Quanto allo Stato, la Corte ribadisce le criticità rilevate nella relazione dello scorso anno circa il disinteresse mostrato per la quota di sua competenza, «cosa che ha determinato, nel corso del tempo, la drastica riduzione dei contribuenti a suo favore, dando l’impressione che l’istituto sia finalizzato, più che a perseguire lo scopo dichiarato, a fare da apparente contrappeso al sistema di finanziamento diretto delle confessioni». A determinare questo quadro una serie di fattori. In primo luogo la totale assenza, negli oltre 20 anni di vigenza dell’istituto, di iniziative promozionali, risultando lo Stato l’unico competitore che non sensibilizza l’opinione pubblica sulle proprie attività con campagne pubblicitarie. Non è cambiato nulla neppure negli ultimi anni, «nonostante la novità costituita dalla possibilità di destinare risorse all’edilizia scolastica, tema particolarmente sentito dai cittadini contribuenti». La Corte a riguardo rende noto che la Presidenza del Consiglio dei Ministri ha dichiarato che per il 2016 «è stata pianificata la procedura per l’avvio di una campagna pubblicitaria», «iniziativa allo studio ed in attesa della valutazione dei costi e delle necessarie autorizzazioni dell’autorità politica».

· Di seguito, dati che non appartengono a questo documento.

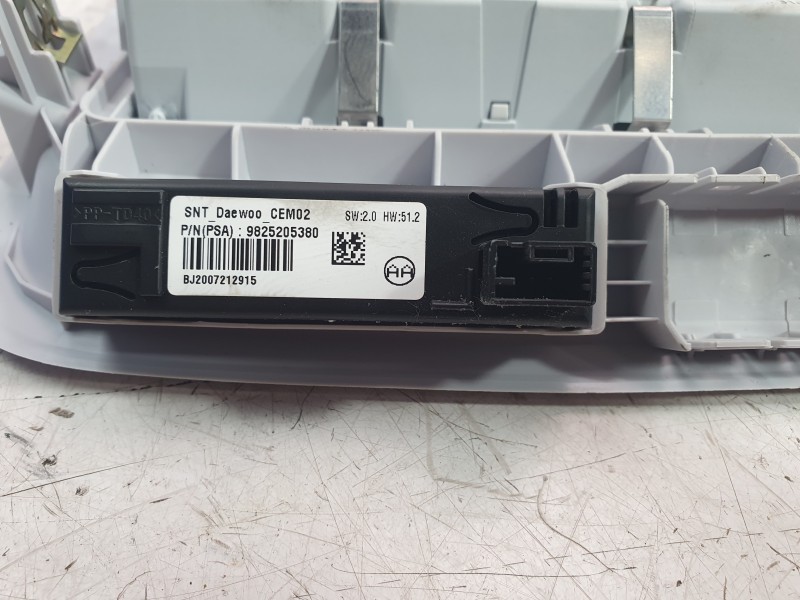 Recambio de luz interior para opel crossland x / crossland (p17, p2qo) 1.2 (75) referencia OEM IAM 39027174  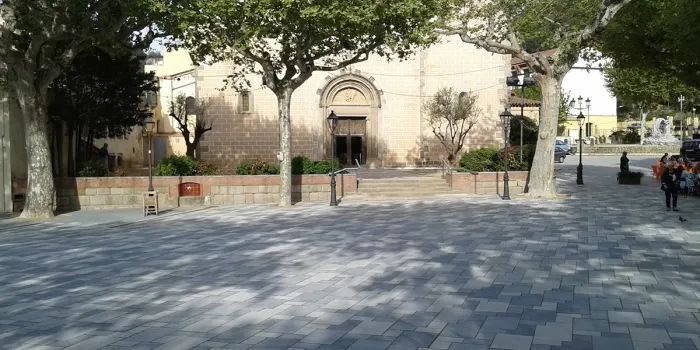 El Bisbat de Girona cedeix la placeta de davant l’Església d’Arenys de Munt a l’Ajuntament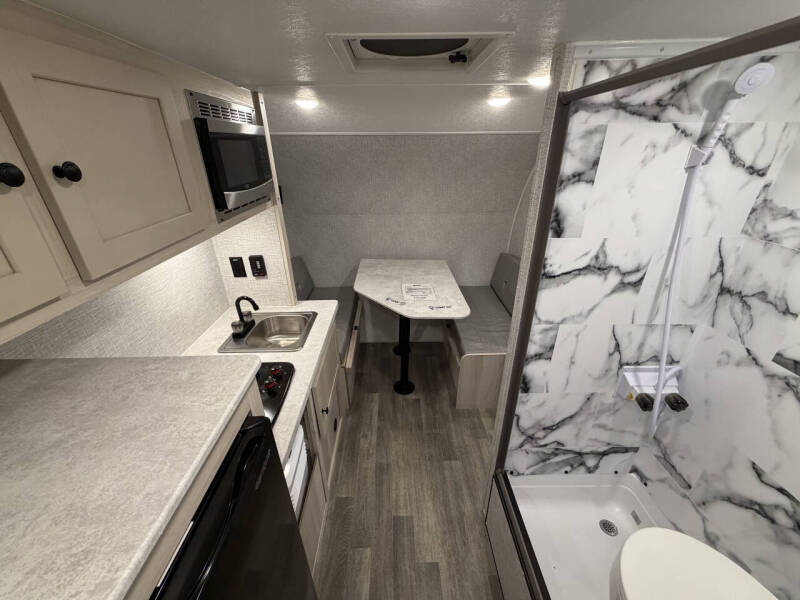 2026 SKINNY GUY CAMPER ARMOR 17LTX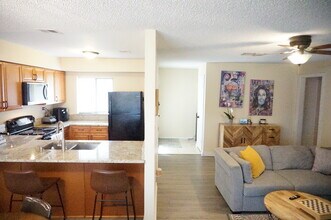 695 Belflower Pl in Altamonte Springs, FL - Building Photo - Building Photo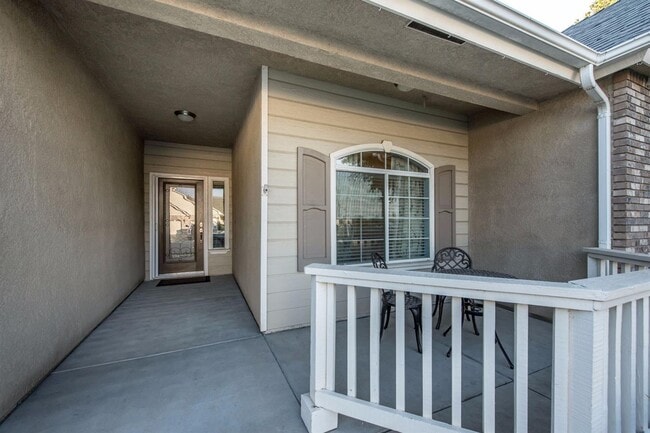 Building Photo - Beautiful Northeast 4 Bedroom 2.5 Bath home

Concorre poi a determinare il quadro rilevato dalla Corte la drastica riduzione delle somme a disposizione, dirottate su altre finalità: decurtazione che, per la Corte, «andrebbe eliminata affinché possa essere garantita la piena esecuzione della volontà e della libera scelta di tutti».

E non bisogna dimenticare infine che una parte consistente delle risorse, da ritenersi alternative a quelle in favore delle confessioni, sia stata veicolata verso scopi riconducibili agli interessi di quest’ultime, in particolare sotto la voce “conservazione dei beni culturali”. La Corte riporta a mo’ di esempio l’ingente finanziamento concesso, in anni passati, per il restauro della facciata della Pontificia Università Gregoriana e del suo cortile, facciata e cortile che, in considerazione delle priorità di tutela e salvaguardia dei monumenti, non rivestono, secondo la Corte, particolare pregio. Ciononostante, «le somme ottenute con l’8 per mille di competenza statale per tale opera risultano rilevantissime e reiterate negli anni: per il 2002, 1.441.965 euro; per il 2004, 370.000; per il 2007, 442.500; per il 2009, infine, 457.444,83 euro».

Centri di “dirottamento” fiscale

Particolarmente interessante il capitolo relativo ai Centri di assistenza fiscale. A partire dal 2014 l’Agenzia delle entrate ha intrapreso una verifica nei confronti di alcuni centri di assistenza fiscale (Caf), mirata a controllare le modalità di gestione delle scelte circa la destinazione del 5 e dell’8 per mille.

Per quanto riguarda l’8 per mille sono state esaminate quasi 5mila schede che hanno fatto registrare una percentuale di irregolarità pari al 7% (349 casi): nell’1,67% dei casi le scelte trasmesse dai Caf non erano conformi alla volontà dei contribuenti; nel restante 5,35% dei casi non sono state conservate le schede relative alle scelte, rendendo impossibile il riscontro circa la corretta trasmissione delle scelte espresse.

Dei 349 casi anomali rilevati, l’80% si è concretizzato in un’irregolarità che ha favorito la Chiesa cattolica.

E irregolarità sono emerse anche riguardo alla destinazione del 5 per mille. Nella delibera relativa, resa nota a distanza di pochi giorni (il 5 novembre), la Corte dei Conti fa sapere che su quasi 8mila schede controllate, si è registrata una percentuale di irregolarità pari al 10,6% e che nel 18,7% dei casi tali irregolarità hanno favorito associazioni o onlus collegate al Caf stesso.

Sarà un caso che molti Caf sono gestiti da due importanti associazioni cristiane – le Associazioni cristiane dei lavoratori italiani (Acli) e il Movimento cristiano dei lavoratori (Mcl) – le quali, secondo gli ultimi dati disponibili (relativi al 2013), nella distribuzione dei fondi 5 per mille si attestano rispettivamente al 12° posto (con 200mila firme a loro favore, che si traducono in quasi 3 milioni e 500mila euro) e al 22° posto (con poco più di 100mila firme, pari a 1 milione e 800mila euro)?